Risk factors for surgical site infection following cardiac surgery in a region endemic for multidrug resistant organisms

Cardiosurgery is a high-risk procedure, putting patient at risk for hospital-acquired complications such as infection. With an estimated attributable mortality fraction of 17.1 %, some hospital-acquired infections after cardiosurgery may substantially compromise the odds of survival (Toumpoulis et al., 2005). Surgical site infection (SSI) following open-heart surgery is a complication with substantial impact on patient morbidity (Massart et al., 2022). In 2019, the European Centre for Disease Prevention and Control (ECDC) reported a SSI rate following coronary artery bypass graft CABG of 2.6 % [0.0–5.5] in Europe, and 2.4 % [1.5–3.5] in Italy (European Centre for Disease Prevention and Control, 2018). SSI incidence generally ranges 0.9 % to 20 % (Ridderstolpe et al., 2001). This variation, as with other healthcare-associated infections, may be explained by differences in case-mix, classification methods, and compliance to preventive measures (Blot et al., 2022, Vos et al., 2018, Zukowska and Zukowski, 2022).

As there is no contamination by viscera, cardiosurgery is considered “clean” thereby assuming a low risk of SSIs (Kühme et al., 2007). Nonetheless, endogenous and exogenous pathogens may contribute to wound contamination and subsequent infection. Multiple factors may contribute to SSI in cardiosurgery and are either patient or procedure related (Sharif et al., 2019). Commonly reported risk factors include diabetes mellitus, obesity, and artery bypass grafting (Lemaignen et al., 2015). Analysis of risk factors may help identifying patients at risk thereby leading to a more targeted prevention program (Ridderstolpe et al., 2001). Furthermore, surveillance data are pivotal as they provide information required to underpin specific objectives. The data should also be used for routine feedback to the clinical team and to steer infection prevention initiatives (Sharif et al., 2019). Consequently, the ECDC report describes surveillance data as “motivators for clinical change within an hospital setting and used as quality indicators” (European Centre for Disease Prevention and Control, 2018) (National Heathcare Safety Network, 2023).

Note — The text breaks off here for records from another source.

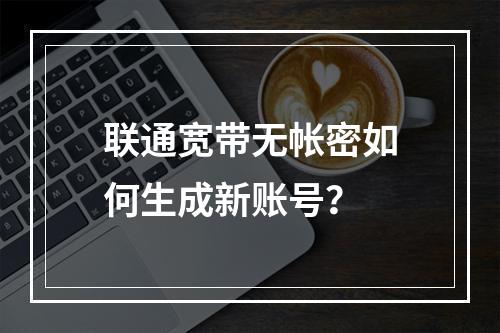 联通宽带无帐密如何生成新账号？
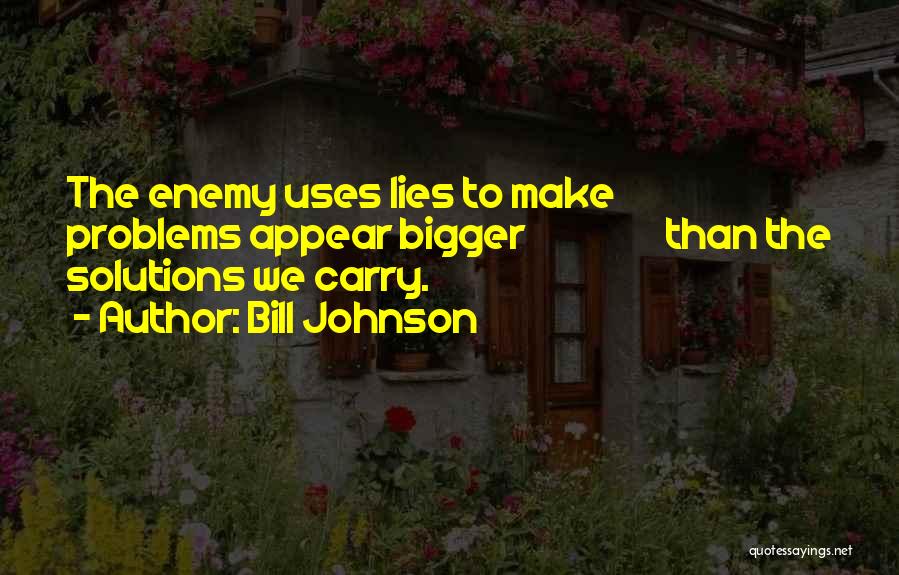 Bigger Problems Quotes By Bill Johnson
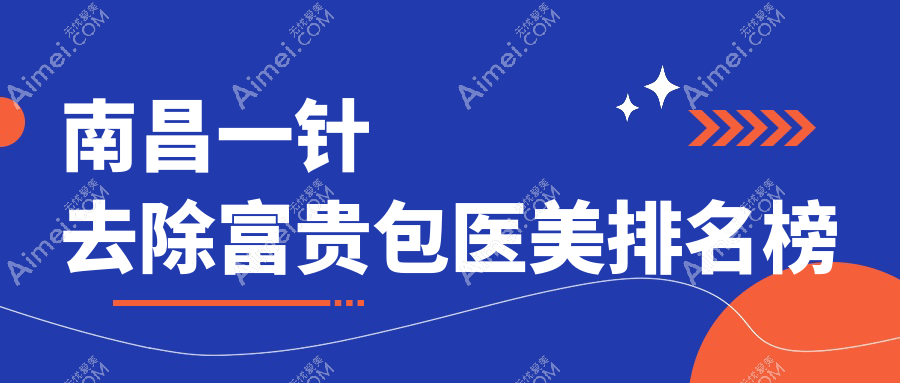 江西南昌去除富贵包优选榜单！前10医美医院含臻医整形、禾丽康美&卡思贝缇等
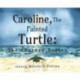 Caroline, The Painted Turtle: The Journey Begins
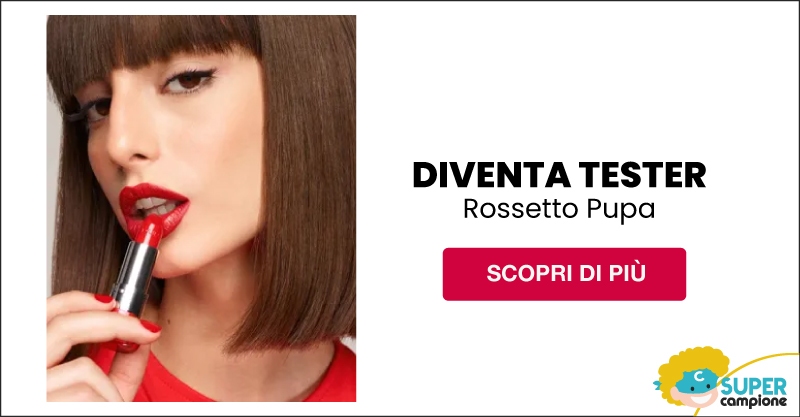 Diventa tester Pupa rossetto Vamp! Diventa tester Pupa rossetto Vamp!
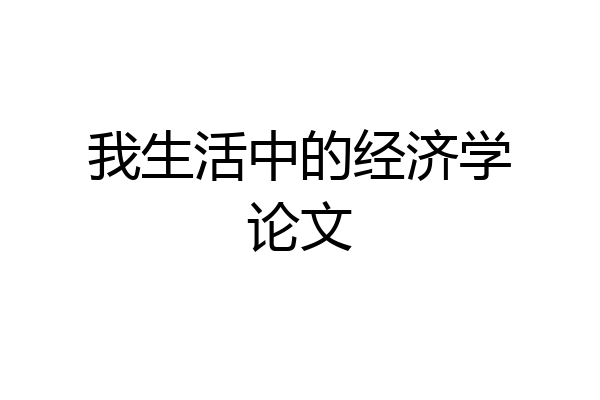我生活中的经济学论文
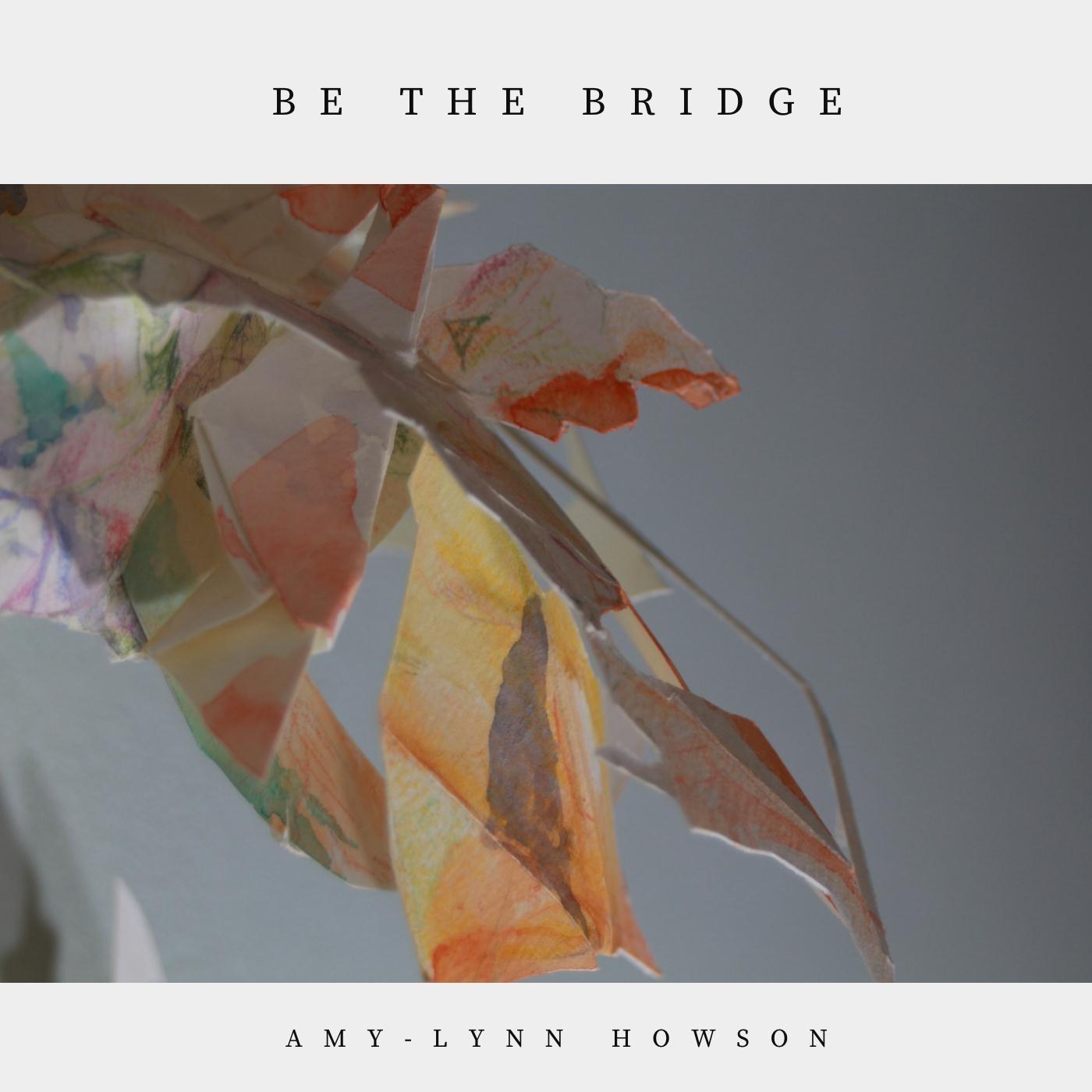 Be the Bridge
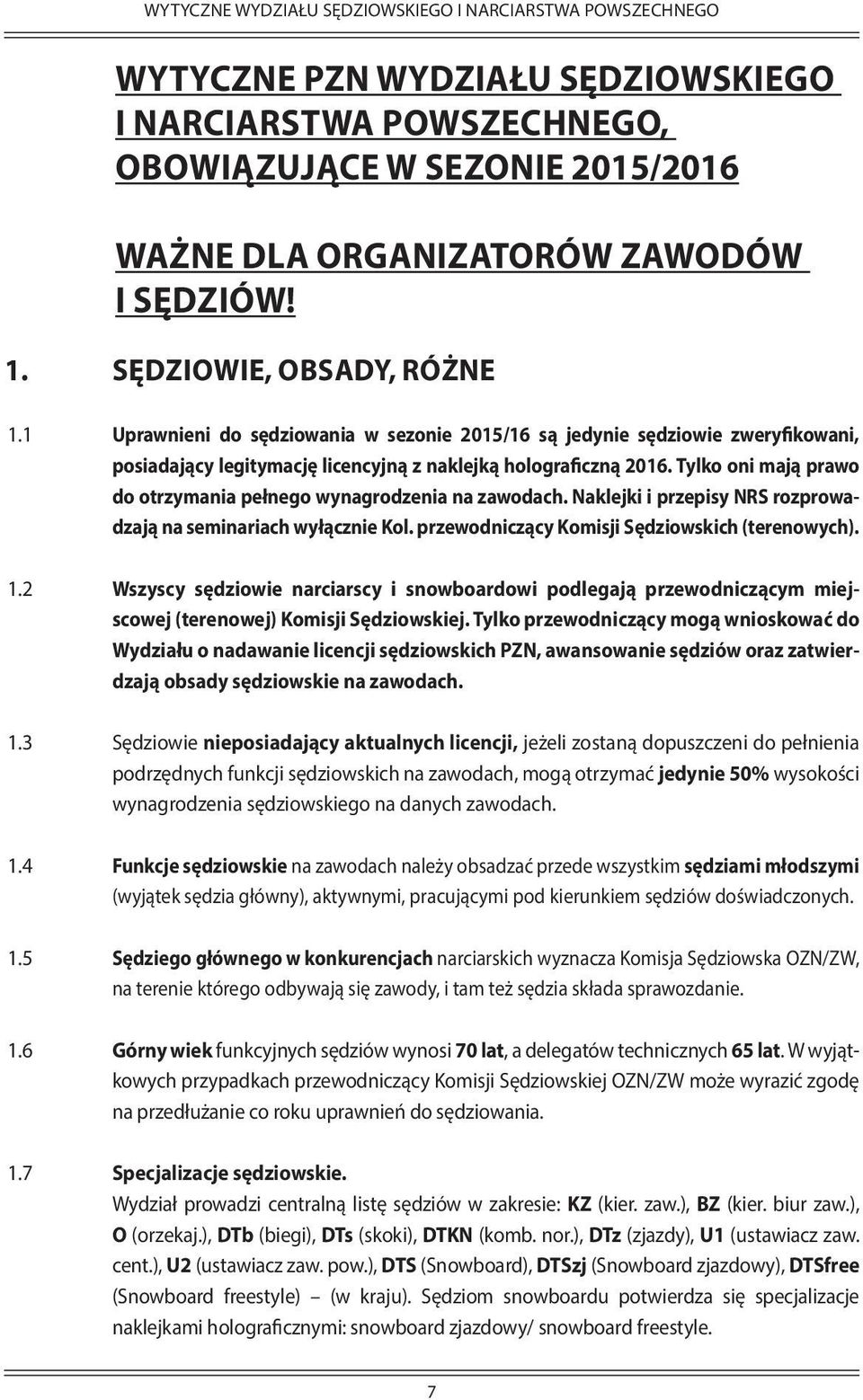 Tylko oni mają prawo do otrzymania pełnego wynagrodzenia na zawodach. Naklejki i przepisy NRS rozprowadzają na seminariach wyłącznie Kol. przewodniczący Komisji Sędziowskich (terenowych). 1.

The objective of this study is to identify risk factors for SSI in cardiosurgical patients within our specific hospital population. Data was derived from a continuous quality improvement program of the infection control team. As the South of Italy is endemic for MDRO, special emphasis was given to MDRO carriership as a potential risk factor (Istituto Superiore di Sanità, 2022).